Joëlle Ceccaldi-Raynaud, maire (LR) de Puteaux, ville hôte du Sommet organisé par La Tribune ce 19 juin, presse le président de donner sa feuille de route.

Publié le 19-06-2018 par César Armand

LA TRIBUNE - Que signifie pour vous le terme de Grand Paris ?

JOËLLE CECCALDI-RAYNAUD - Pour moi, le Grand Paris est une nouvelle façon de concevoir la vie de la cité dans un environnement global.
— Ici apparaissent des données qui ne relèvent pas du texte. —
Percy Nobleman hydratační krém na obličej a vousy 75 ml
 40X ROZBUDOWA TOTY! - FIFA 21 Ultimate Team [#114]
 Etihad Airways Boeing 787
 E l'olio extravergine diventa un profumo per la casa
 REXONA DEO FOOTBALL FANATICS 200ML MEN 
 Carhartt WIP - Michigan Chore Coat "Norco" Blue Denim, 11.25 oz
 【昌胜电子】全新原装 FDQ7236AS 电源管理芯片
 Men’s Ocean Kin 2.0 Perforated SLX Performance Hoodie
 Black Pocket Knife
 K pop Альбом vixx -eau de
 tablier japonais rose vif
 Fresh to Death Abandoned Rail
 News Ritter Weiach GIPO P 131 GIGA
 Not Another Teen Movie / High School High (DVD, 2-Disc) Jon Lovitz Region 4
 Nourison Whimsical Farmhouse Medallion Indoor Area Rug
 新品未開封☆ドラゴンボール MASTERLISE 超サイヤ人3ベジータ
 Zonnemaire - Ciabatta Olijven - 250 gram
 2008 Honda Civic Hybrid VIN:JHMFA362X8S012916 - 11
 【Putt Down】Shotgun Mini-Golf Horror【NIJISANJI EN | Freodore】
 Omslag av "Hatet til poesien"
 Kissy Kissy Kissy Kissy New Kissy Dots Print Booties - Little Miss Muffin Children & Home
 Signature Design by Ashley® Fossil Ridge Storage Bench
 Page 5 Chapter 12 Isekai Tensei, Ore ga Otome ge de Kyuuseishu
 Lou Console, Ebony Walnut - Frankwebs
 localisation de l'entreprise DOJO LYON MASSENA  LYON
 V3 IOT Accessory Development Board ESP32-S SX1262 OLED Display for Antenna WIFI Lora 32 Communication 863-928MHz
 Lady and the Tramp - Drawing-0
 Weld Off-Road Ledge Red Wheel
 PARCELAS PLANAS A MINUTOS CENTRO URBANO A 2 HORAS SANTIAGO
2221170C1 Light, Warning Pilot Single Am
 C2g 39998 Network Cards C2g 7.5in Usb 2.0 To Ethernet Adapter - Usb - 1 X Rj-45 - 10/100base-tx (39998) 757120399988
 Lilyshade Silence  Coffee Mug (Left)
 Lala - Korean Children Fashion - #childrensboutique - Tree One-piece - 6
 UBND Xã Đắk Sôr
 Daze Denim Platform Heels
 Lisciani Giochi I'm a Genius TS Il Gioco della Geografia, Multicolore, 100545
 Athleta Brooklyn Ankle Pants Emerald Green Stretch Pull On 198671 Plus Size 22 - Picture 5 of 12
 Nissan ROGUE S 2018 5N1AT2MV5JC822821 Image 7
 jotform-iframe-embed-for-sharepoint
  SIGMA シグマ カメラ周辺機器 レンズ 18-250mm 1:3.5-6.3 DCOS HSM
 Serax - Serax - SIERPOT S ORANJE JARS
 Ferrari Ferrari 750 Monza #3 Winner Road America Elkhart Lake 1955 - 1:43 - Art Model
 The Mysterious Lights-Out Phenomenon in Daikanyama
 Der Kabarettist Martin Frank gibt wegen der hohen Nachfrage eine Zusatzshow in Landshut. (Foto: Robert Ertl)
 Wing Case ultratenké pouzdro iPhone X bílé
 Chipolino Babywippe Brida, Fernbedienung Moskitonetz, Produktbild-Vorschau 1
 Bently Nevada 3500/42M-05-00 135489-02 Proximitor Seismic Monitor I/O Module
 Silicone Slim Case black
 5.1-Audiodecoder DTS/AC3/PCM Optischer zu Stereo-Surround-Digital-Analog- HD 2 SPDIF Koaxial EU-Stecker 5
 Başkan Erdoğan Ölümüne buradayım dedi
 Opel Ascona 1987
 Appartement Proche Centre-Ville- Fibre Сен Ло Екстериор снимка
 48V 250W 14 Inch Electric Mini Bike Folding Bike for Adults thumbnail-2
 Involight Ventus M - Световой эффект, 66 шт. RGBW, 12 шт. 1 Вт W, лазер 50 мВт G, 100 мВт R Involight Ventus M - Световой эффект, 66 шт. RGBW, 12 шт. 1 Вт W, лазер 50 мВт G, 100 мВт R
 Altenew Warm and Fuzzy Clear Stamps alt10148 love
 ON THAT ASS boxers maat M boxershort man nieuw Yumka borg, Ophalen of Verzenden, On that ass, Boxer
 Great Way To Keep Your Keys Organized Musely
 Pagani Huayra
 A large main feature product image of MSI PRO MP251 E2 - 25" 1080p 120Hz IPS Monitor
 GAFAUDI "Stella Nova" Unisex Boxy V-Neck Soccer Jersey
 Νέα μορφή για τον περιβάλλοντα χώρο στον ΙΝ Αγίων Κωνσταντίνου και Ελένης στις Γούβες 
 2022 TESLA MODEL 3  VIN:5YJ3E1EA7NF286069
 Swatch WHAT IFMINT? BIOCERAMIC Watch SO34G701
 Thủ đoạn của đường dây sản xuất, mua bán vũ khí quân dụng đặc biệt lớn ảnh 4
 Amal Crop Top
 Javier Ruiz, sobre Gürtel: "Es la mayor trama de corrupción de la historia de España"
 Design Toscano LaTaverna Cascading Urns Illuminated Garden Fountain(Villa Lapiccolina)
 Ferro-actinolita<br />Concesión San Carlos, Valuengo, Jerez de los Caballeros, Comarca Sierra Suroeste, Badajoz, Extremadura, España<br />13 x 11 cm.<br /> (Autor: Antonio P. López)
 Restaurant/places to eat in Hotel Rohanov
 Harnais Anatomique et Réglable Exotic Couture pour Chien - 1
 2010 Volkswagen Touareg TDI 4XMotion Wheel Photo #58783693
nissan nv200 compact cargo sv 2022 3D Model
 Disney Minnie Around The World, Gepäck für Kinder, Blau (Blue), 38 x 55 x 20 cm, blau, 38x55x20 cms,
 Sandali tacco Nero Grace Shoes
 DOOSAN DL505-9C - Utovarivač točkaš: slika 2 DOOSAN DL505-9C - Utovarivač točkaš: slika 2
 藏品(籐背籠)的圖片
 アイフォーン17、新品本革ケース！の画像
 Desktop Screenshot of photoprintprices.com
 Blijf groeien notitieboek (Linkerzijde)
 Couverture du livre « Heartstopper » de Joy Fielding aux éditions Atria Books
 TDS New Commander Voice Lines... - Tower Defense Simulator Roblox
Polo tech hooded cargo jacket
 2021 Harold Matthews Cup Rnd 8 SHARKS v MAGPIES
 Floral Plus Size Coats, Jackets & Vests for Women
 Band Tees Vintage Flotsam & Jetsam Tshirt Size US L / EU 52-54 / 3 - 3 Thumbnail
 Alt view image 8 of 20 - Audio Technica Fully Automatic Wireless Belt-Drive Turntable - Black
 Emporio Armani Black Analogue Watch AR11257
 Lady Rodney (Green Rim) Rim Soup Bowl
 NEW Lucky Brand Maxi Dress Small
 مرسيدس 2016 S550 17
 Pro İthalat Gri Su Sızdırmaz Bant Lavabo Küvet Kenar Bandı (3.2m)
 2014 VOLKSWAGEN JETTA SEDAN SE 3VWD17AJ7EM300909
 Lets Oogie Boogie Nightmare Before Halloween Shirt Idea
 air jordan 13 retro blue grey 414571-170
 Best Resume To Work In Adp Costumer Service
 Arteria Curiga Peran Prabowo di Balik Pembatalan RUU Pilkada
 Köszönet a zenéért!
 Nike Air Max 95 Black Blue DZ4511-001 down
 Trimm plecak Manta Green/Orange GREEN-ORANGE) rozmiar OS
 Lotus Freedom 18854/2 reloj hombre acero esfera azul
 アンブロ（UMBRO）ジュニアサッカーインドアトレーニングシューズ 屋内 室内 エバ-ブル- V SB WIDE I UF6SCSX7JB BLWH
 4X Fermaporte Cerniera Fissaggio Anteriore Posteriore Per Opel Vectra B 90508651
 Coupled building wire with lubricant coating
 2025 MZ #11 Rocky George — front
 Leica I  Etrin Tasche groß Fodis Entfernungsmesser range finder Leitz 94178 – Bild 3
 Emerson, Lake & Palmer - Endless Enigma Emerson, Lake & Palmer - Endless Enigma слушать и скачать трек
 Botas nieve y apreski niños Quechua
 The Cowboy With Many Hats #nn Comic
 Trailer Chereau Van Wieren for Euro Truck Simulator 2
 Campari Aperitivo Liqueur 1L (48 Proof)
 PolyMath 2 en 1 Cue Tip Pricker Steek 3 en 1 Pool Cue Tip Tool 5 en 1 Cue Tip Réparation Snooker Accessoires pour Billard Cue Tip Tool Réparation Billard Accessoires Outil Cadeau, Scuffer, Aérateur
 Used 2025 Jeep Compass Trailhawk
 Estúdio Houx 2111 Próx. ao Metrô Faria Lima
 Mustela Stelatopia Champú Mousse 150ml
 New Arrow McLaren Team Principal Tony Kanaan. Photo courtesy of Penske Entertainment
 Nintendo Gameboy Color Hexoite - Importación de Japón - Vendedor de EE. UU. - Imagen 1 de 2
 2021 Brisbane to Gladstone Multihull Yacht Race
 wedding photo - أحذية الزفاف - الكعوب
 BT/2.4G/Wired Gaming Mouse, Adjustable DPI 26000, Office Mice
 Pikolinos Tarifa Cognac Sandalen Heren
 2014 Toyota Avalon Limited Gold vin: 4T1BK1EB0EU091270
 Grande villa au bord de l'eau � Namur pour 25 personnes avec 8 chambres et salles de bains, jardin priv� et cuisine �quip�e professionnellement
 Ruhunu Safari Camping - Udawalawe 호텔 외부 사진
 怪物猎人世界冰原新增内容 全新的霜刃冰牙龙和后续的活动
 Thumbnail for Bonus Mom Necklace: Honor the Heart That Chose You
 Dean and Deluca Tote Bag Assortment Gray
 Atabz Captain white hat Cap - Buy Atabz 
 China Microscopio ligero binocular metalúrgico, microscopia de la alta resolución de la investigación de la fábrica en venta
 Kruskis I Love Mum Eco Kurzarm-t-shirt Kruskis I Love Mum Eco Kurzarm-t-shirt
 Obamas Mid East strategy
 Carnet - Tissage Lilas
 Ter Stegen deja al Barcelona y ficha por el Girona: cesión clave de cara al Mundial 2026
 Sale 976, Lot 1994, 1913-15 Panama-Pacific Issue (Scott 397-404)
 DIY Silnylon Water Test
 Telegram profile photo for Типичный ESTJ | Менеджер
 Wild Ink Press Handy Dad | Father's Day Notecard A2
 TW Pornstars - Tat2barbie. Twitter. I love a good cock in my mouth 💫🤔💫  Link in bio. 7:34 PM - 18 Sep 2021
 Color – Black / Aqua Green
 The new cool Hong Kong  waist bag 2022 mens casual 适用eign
Le Grand Paris, c'est l'idée que l'on se fait tous d'un territoire permettant d'avoir une véritable attractivité internationale pour le seul bien-être de ses habitants, un territoire moderne, connecté, citoyen, écologique... Le Grand Paris, c'est aussi construire un récit commun. L'idée d'un Grand Paris ne date pas d'aujourd'hui. Elle était déjà dans la tête de Napoléon Bonaparte ! En 1802, en visite au Havre, Napoléon a affirmé : « Paris-Rouen-Le Havre, une seule ville dont la Seine serait la grande rue. »

Quel premier bilan tirez-vous dix ans après le lancement du Grand Paris par Nicolas Sarkozy ?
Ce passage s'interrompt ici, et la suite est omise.